### Stored dataset items
* * *

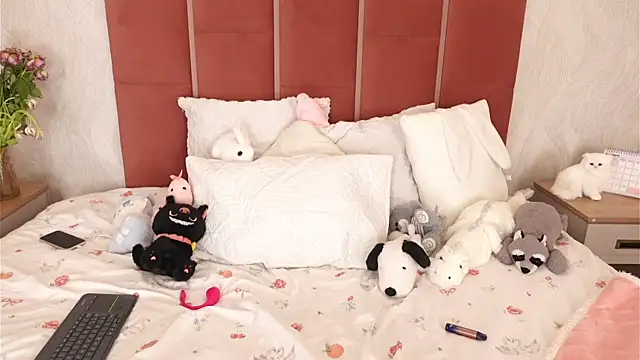 DaliaCruz online show from April 2026 06:01:01 PM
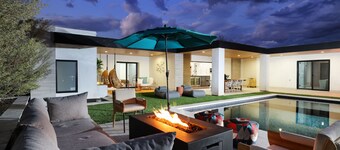 Central Tucson Luxury - Minutes from U of A - Saltwater Pool - Sleeps 10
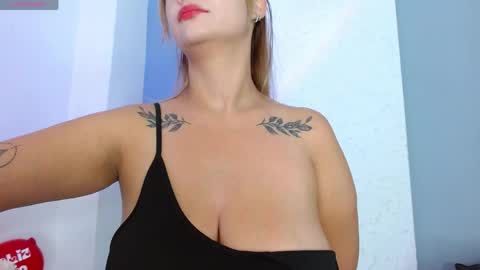 Carla online show from May 5, 11:51 am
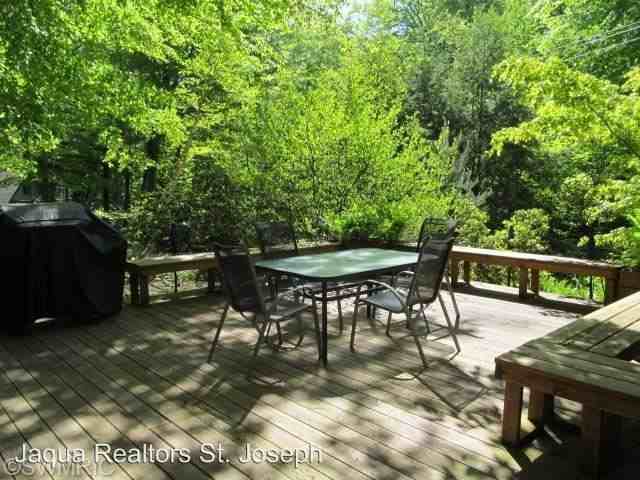 7149 Maple St - Photo 3 of 13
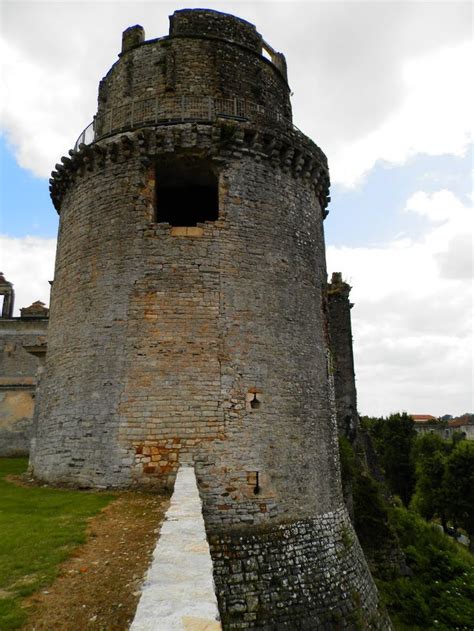 Tour d angle du château de Bidache Château Ruines Tour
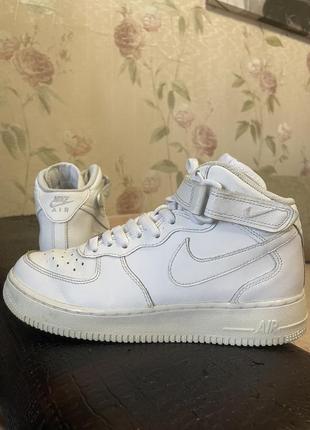 Nike air force 1 mid white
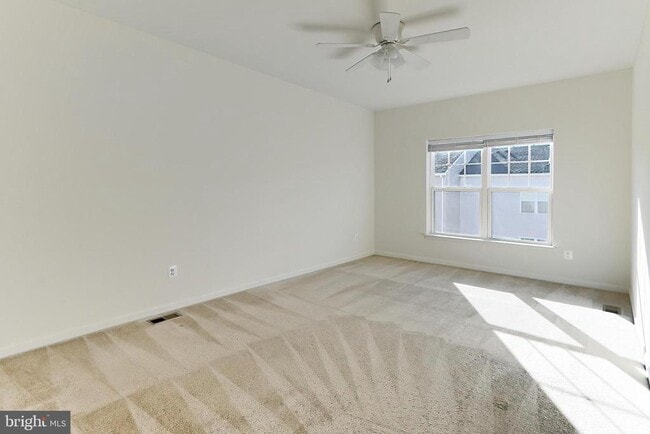 Building Photo - 210 Apsley Terrace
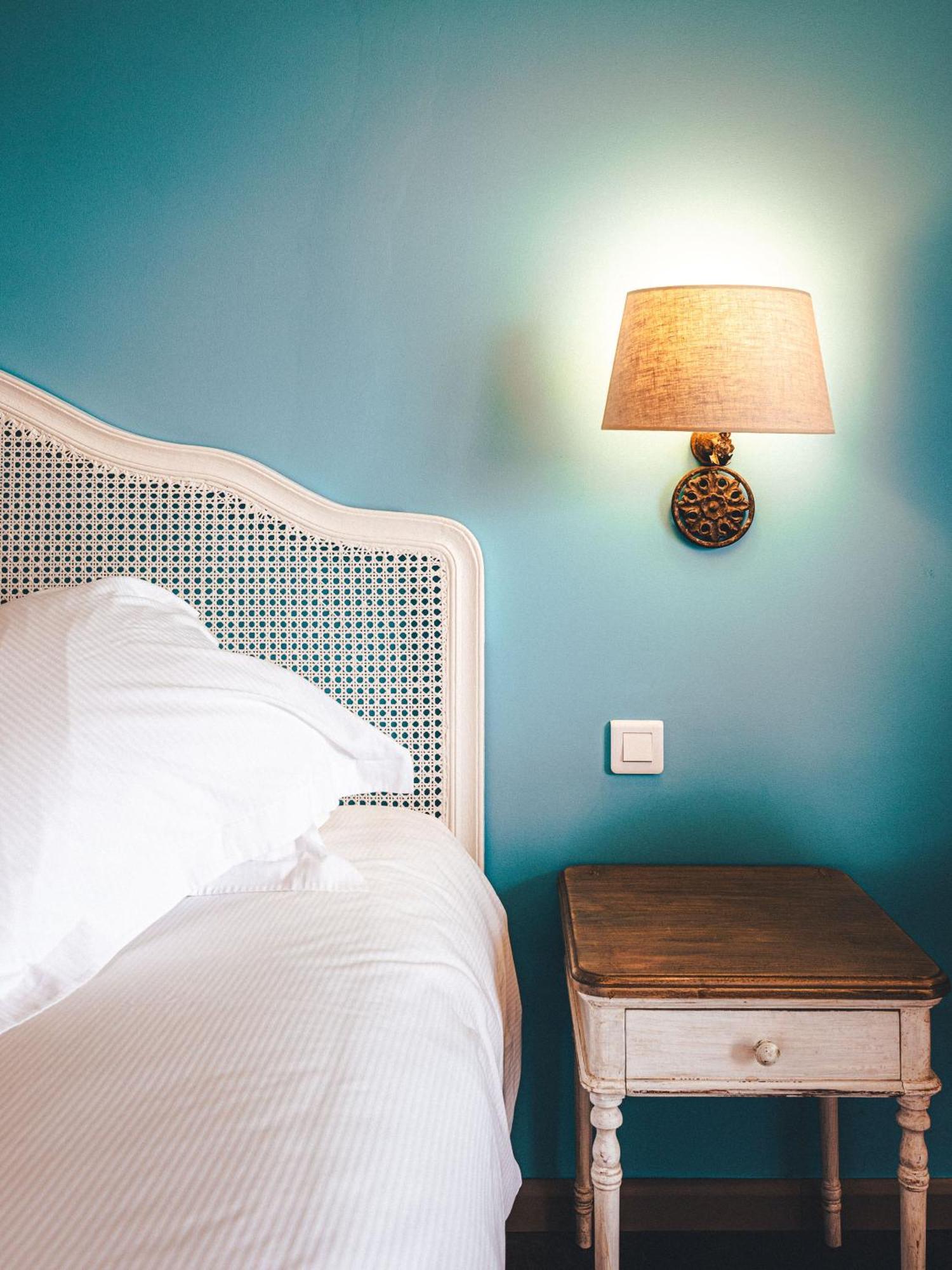 Le Suffren Hotel Grimaud Bagian luar foto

* * *

Omit all pictures while transcribing the entries verbatim.

 DaliaCruz online show from April 2026 06:01:01 PM
 Central Tucson Luxury - Minutes from U of A - Saltwater Pool - Sleeps 10
 Carla online show from May 5, 11:51 am
 7149 Maple St - Photo 3 of 13
 Tour d angle du château de Bidache Château Ruines Tour
 Nike air force 1 mid white
 Building Photo - 210 Apsley Terrace
 Le Suffren Hotel Grimaud Bagian luar foto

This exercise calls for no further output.